__ENTRIES SHOWN__:
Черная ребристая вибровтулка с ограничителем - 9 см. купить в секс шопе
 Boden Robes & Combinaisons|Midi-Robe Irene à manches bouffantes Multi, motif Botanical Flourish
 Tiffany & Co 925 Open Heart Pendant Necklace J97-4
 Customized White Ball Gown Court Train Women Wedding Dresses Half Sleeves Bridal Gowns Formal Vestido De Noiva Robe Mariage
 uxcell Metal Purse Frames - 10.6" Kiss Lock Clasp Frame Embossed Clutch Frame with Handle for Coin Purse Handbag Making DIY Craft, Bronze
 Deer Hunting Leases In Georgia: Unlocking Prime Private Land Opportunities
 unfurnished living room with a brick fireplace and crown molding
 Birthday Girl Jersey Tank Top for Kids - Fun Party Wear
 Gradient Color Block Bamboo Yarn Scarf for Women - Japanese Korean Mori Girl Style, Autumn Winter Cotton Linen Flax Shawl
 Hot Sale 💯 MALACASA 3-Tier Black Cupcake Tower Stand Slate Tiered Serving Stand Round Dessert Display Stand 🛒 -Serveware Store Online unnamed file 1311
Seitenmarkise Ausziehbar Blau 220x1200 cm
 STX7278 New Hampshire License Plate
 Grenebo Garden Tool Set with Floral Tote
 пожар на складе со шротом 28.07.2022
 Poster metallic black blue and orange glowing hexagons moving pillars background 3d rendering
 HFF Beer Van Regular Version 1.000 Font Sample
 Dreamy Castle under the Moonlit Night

__WORK INSTRUCTION__: Search the entries above for "with". Return every line that has it.

__TASK RESULT__:
 uxcell Metal Purse Frames - 10.6" Kiss Lock Clasp Frame Embossed Clutch Frame with Handle for Coin Purse Handbag Making DIY Craft, Bronze
 unfurnished living room with a brick fireplace and crown molding
 Grenebo Garden Tool Set with Floral Tote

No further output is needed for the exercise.